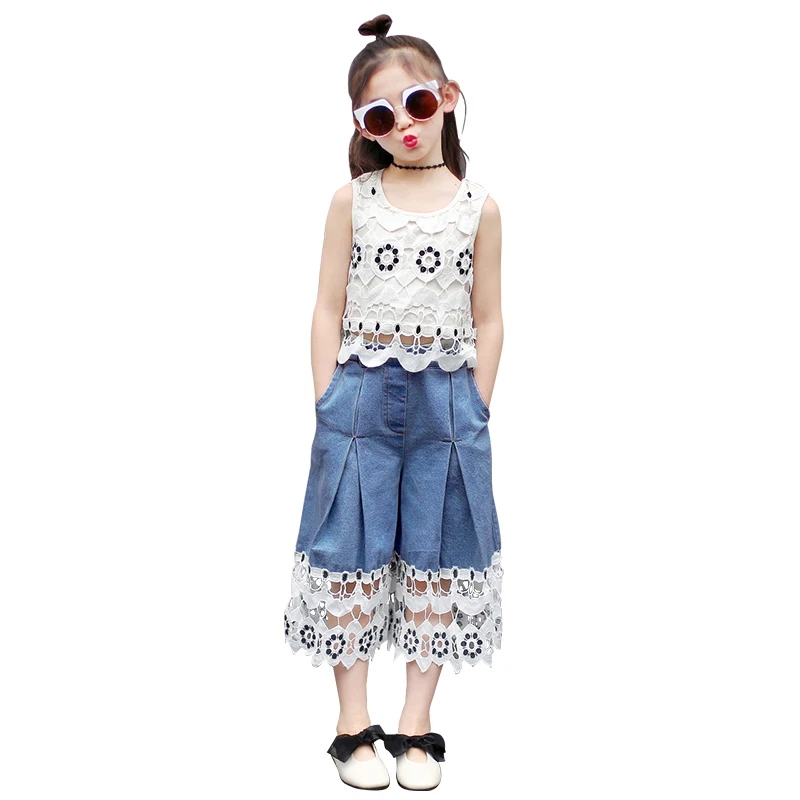 

Girls Summer Suit Summer Big Girl Lace Broad-legged Trousers 12-year-old Girl Leisure Two-piece Set Girls Ruffle Outfits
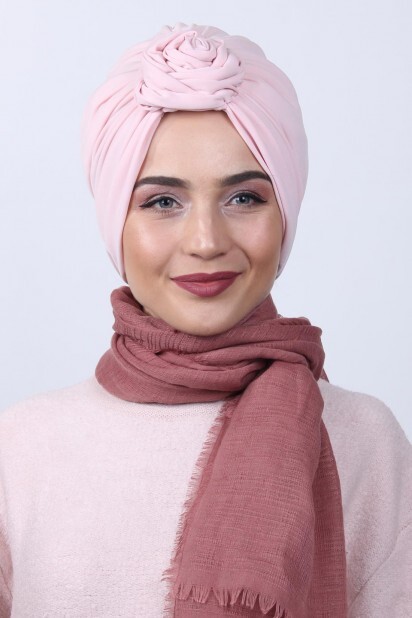 Double Side Bonnet - Two Way Rose Knot Bone Salmon - 100284863 - Hijab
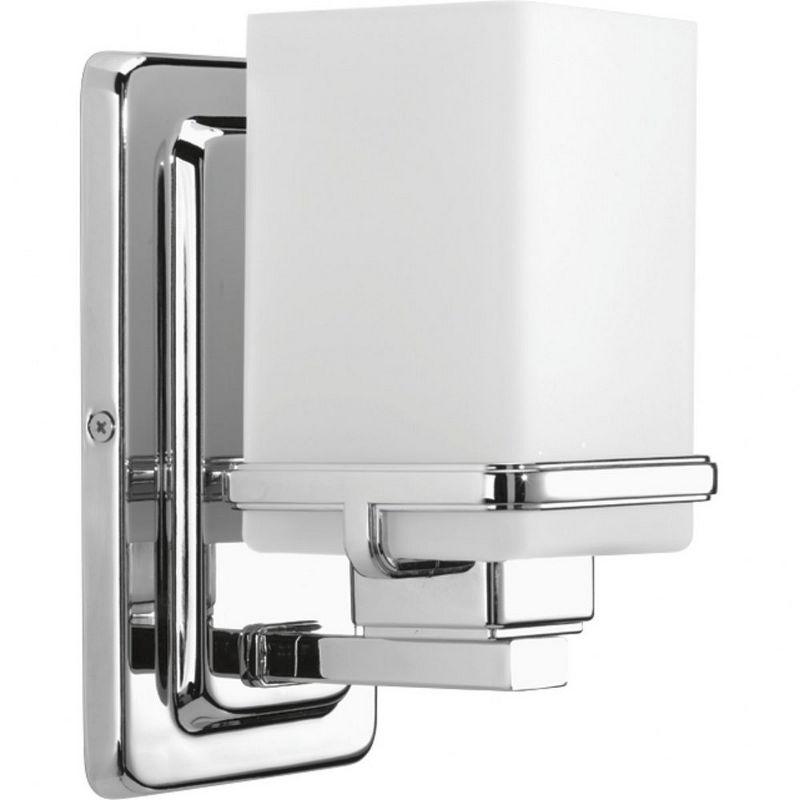 Progress Lighting Metric 1-Light Bath & Vanity, Steel, Polished Chrome, Etched Opal Glass Shade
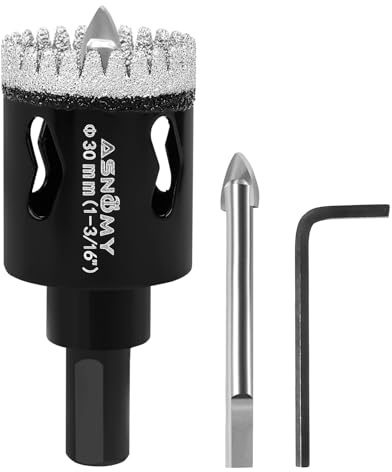 ASNOMY 30mm Diamant Lochsäge mit Zentrierbohrer,Gezahntes Diamantbohrer Diamant Fliesenbohrer,Diamant Bohrkron Glasbohrer zum Bohren für Glas, Fliesen, Porzellan, Granitstein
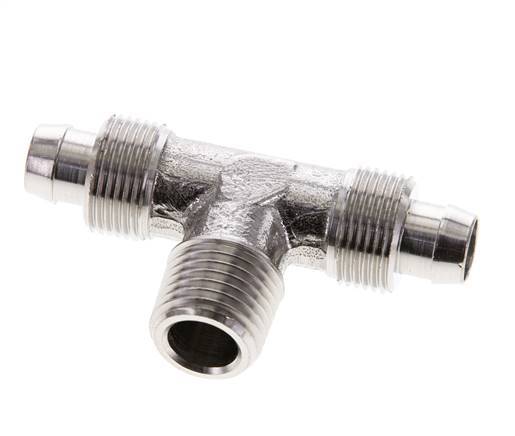 10x8 & R1/4'' Stainless Steel 1.4404 Tee Push-on Fitting with Male Threads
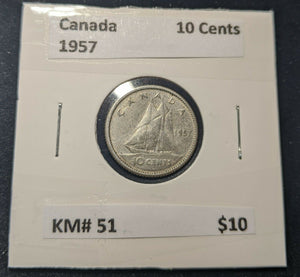 Canada 1957 10 Cent  KM# 51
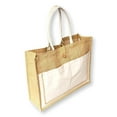 thumbnail image 5 of Vintage Style Jute with Cotton Pocket Reusable Large Tote Grocery Shopping Bag -Natural Color, 5 of 5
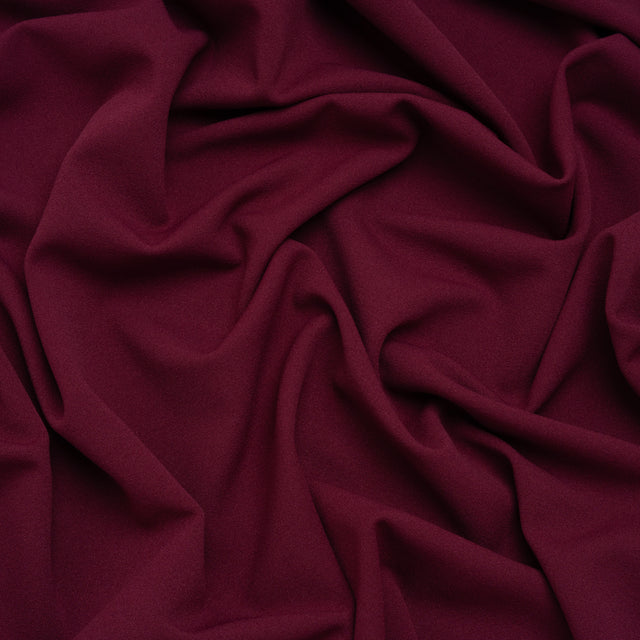 Stretch Polyester Crepe Double Knit - Wine Red - Designer Deadstock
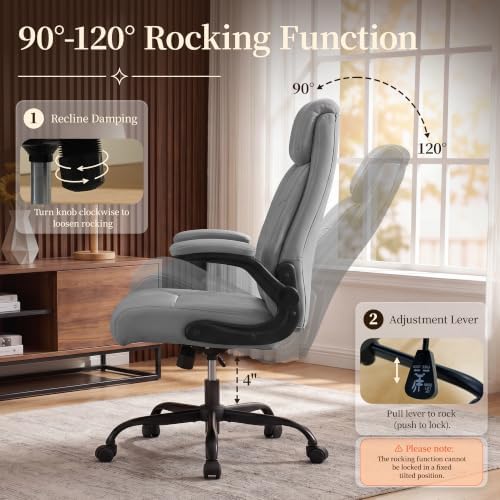 Office Chair, Leather Ergonomic Computer Desk Chair with Rocking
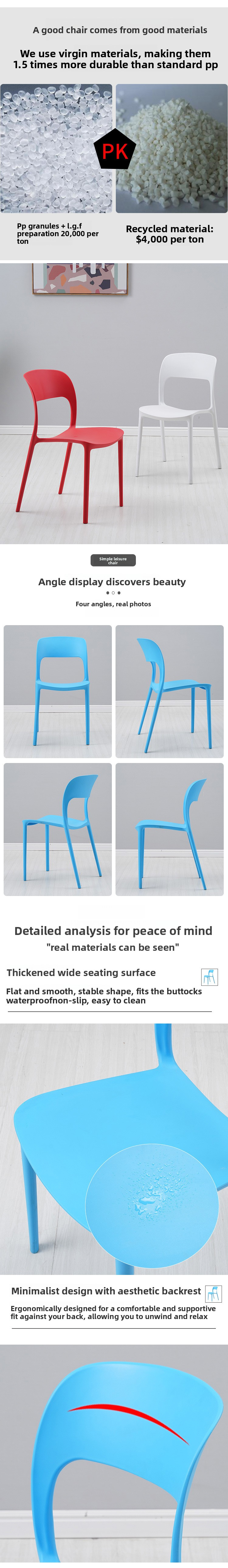 Dining Chairs,Plastic Dining Chairs,Dining Chairs White Plastic EaseNeat Wholesale Modern Leisure Stacked Thick Plastic Dining Chairs Color Comfortable Dining Room Apartment Outdoor Furniture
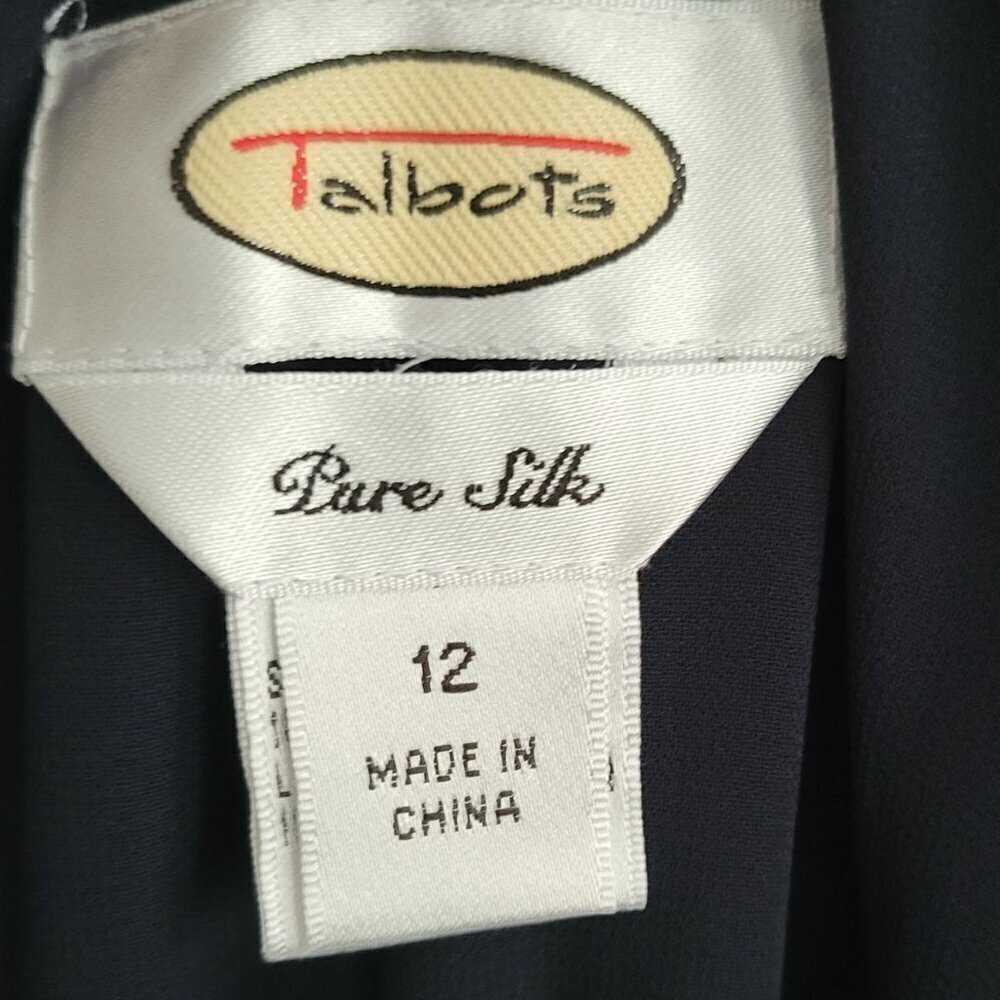 Talbots 100% Silk Dress Pants Navy Women Size 12 - Picture 5 of 11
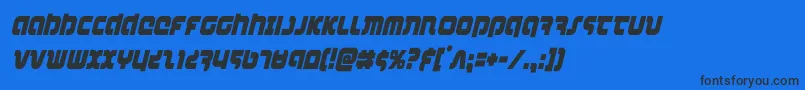 Шрифт combatdroidcondital – чёрные шрифты на синем фоне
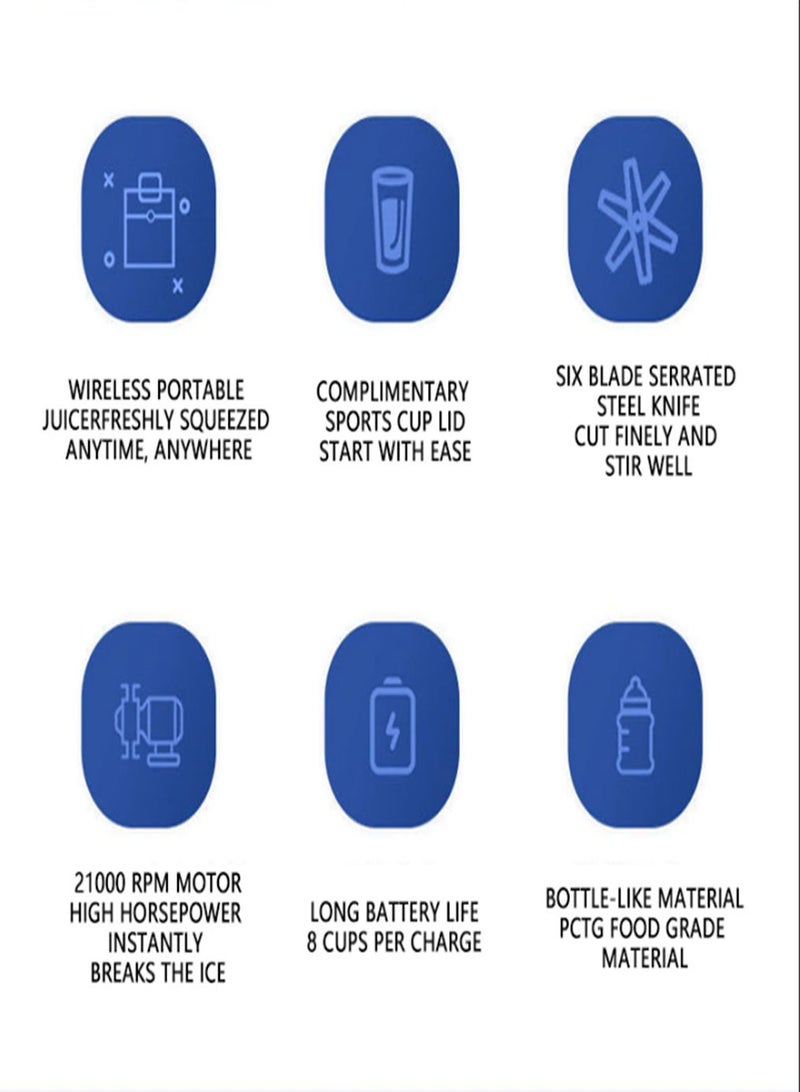 AROAQ عصارة كهربائية صغيرة 6 شفرات، كوب عصارة محمول، خلاط عصير أوتوماتيكي، كوب سحق الثلج (عصارة + غطاء كوب) - Image 4
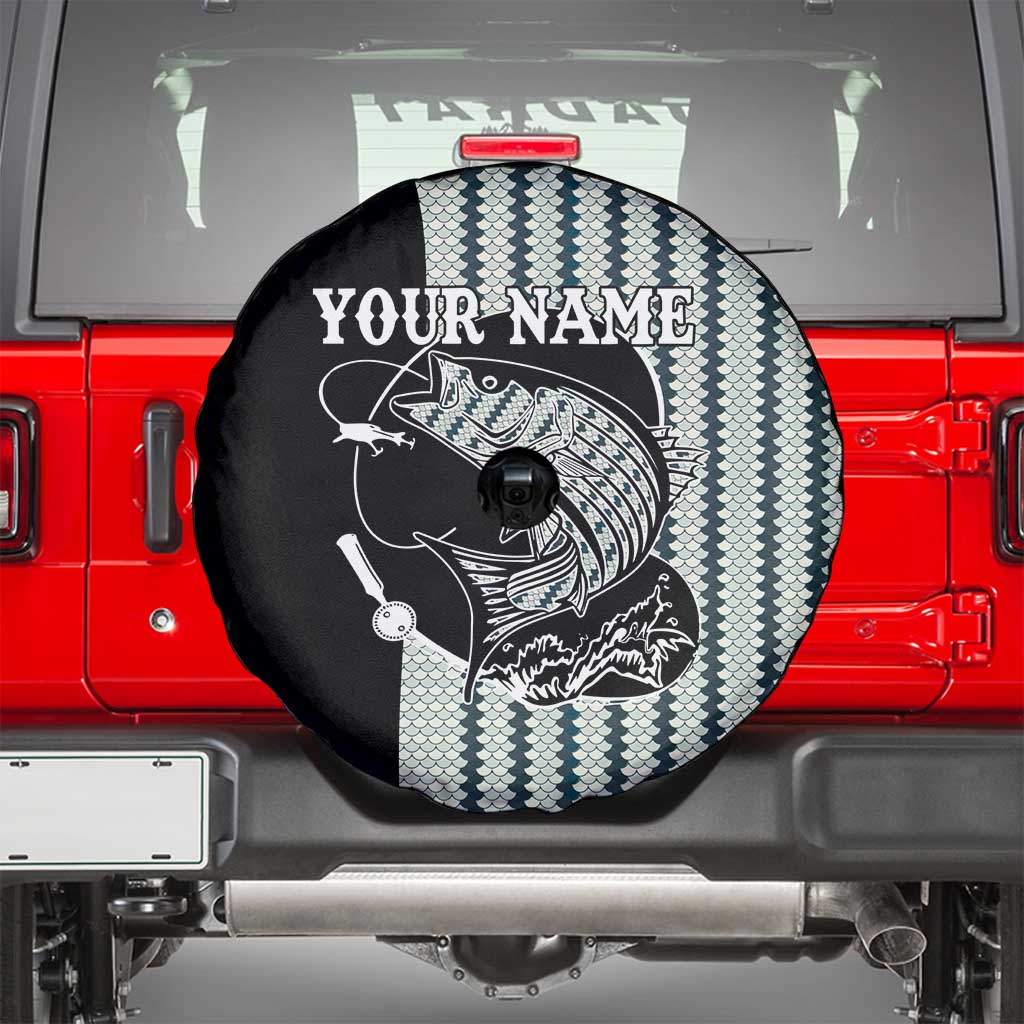 Striped Bass Jumping Graphic Spare Tire Cover Rod Reel and Airplane on Fish Scale Pattern - Wonder Print Shop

***

● What to work on: Each line in the records above should be reproduced exactly; images are not copied.

● Solution to the exercise:
Girls Summer Suit Summer Big Girl Lace Broad-legged Trousers 12-year-old Girl Leisure Two-piece Set Girls Ruffle Outfits
 Double Side Bonnet - Two Way Rose Knot Bone Salmon - 100284863 - Hijab
 Progress Lighting Metric 1-Light Bath & Vanity, Steel, Polished Chrome, Etched Opal Glass Shade
 ASNOMY 30mm Diamant Lochsäge mit Zentrierbohrer,Gezahntes Diamantbohrer Diamant Fliesenbohrer,Diamant Bohrkron Glasbohrer zum Bohren für Glas, Fliesen, Porzellan, Granitstein
 10x8 & R1/4'' Stainless Steel 1.4404 Tee Push-on Fitting with Male Threads
 Canada 1957 10 Cent  KM# 51
 thumbnail image 5 of Vintage Style Jute with Cotton Pocket Reusable Large Tote Grocery Shopping Bag -Natural Color, 5 of 5
 Stretch Polyester Crepe Double Knit - Wine Red - Designer Deadstock
 Office Chair, Leather Ergonomic Computer Desk Chair with Rocking
 Dining Chairs,Plastic Dining Chairs,Dining Chairs White Plastic EaseNeat Wholesale Modern Leisure Stacked Thick Plastic Dining Chairs Color Comfortable Dining Room Apartment Outdoor Furniture
 Talbots 100% Silk Dress Pants Navy Women Size 12 - Picture 5 of 11
 Шрифт combatdroidcondital – чёрные шрифты на синем фоне
 AROAQ عصارة كهربائية صغيرة 6 شفرات، كوب عصارة محمول، خلاط عصير أوتوماتيكي، كوب سحق الثلج (عصارة + غطاء كوب) - Image 4
 Striped Bass Jumping Graphic Spare Tire Cover Rod Reel and Airplane on Fish Scale Pattern - Wonder Print Shop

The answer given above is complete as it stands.